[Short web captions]
---*---
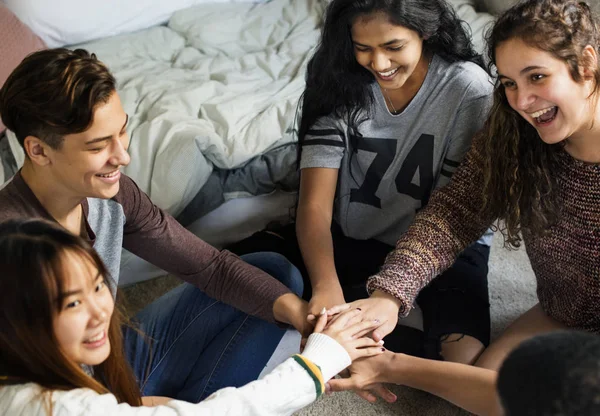 Grupp Tonåringar Ett Sovrum Att Sätta Deras Händer Grupp Gemenskapen — Stockfoto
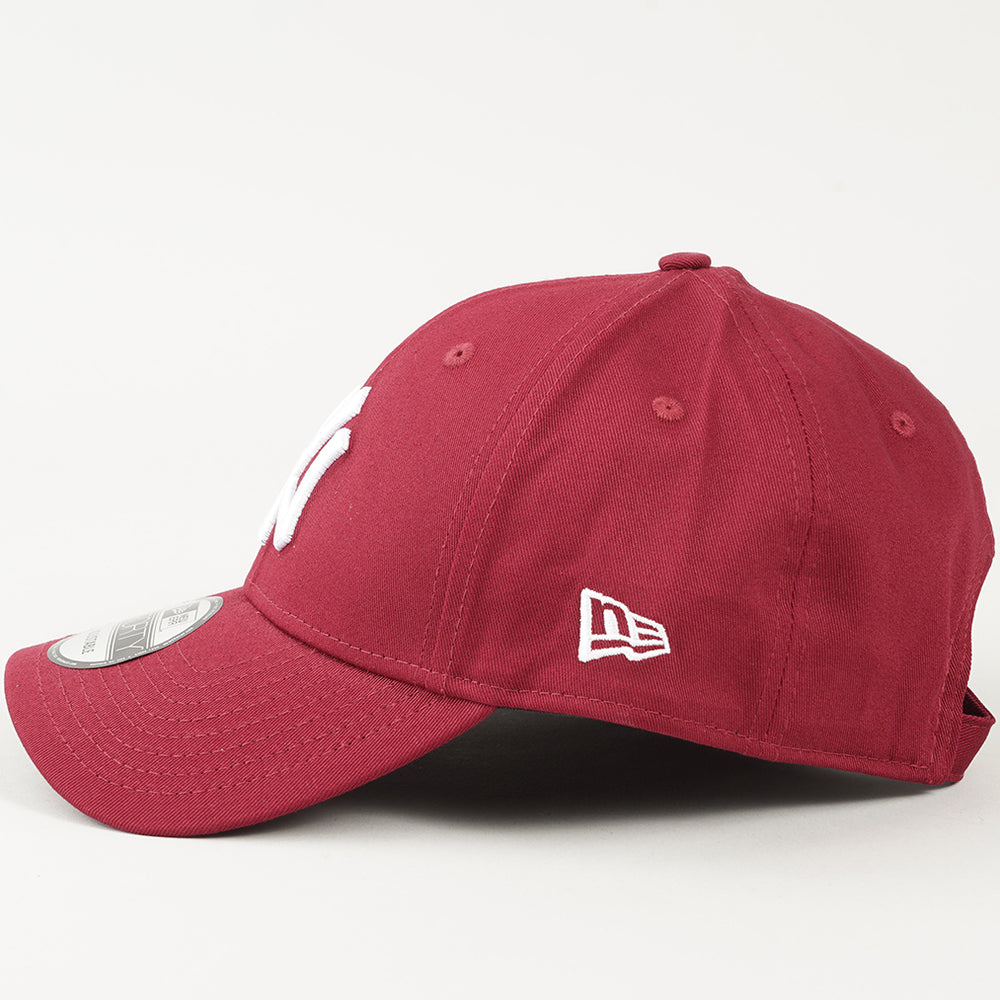 
                  
                    NEW ERA BERRETTO
                  
                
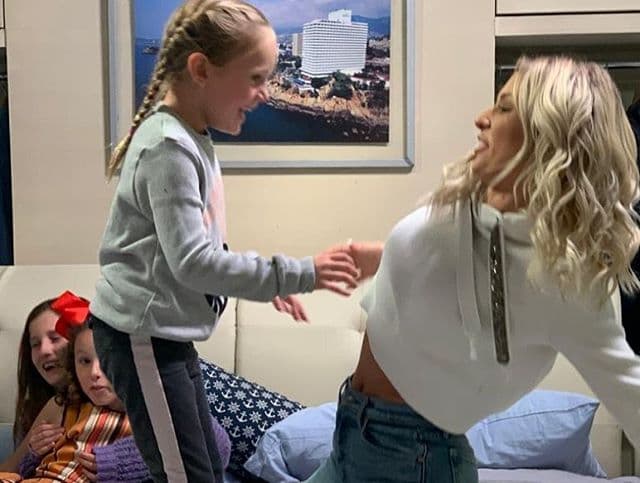 Con irónico comentario, Soto publicó las fotografías con el texto: “Aquí los momentos de llanto, confusión e inseguridad”.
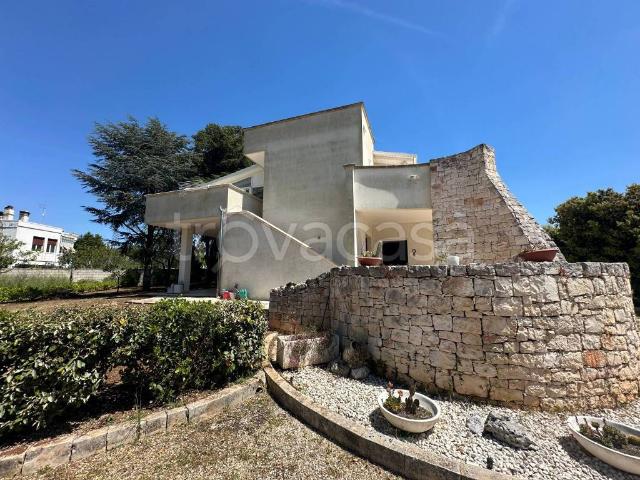 Vendesi villa singola a Ostuni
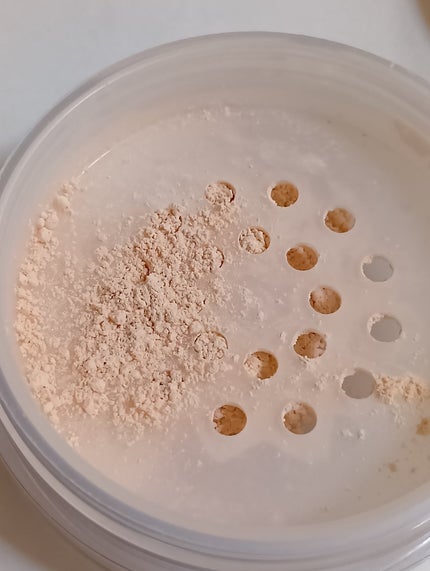 シルキールースモイストパウダー/キャンメイク/ルースパウダーを使ったクチコミ(5枚目)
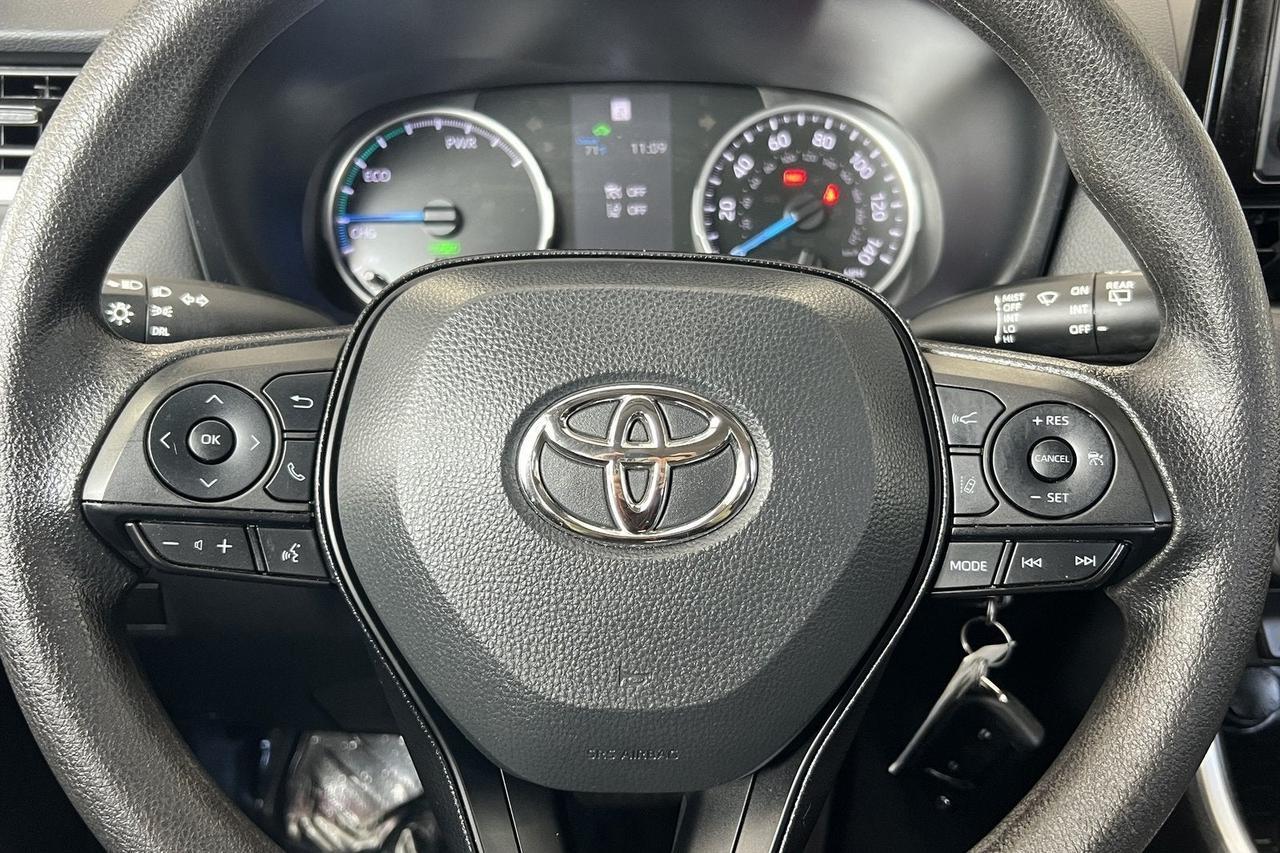 2022 Toyota RAV4 Hybrid LE Roseville CA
---*---
◆ EXERCISE: Go through the entries and retype them exactly, except for the images.

◆ TASK ANSWER:
 Grupp Tonåringar Ett Sovrum Att Sätta Deras Händer Grupp Gemenskapen — Stockfoto
                  
                    NEW ERA BERRETTO
                  
                
 Con irónico comentario, Soto publicó las fotografías con el texto: “Aquí los momentos de llanto, confusión e inseguridad”.
 Vendesi villa singola a Ostuni
 シルキールースモイストパウダー/キャンメイク/ルースパウダーを使ったクチコミ(5枚目)
 2022 Toyota RAV4 Hybrid LE Roseville CA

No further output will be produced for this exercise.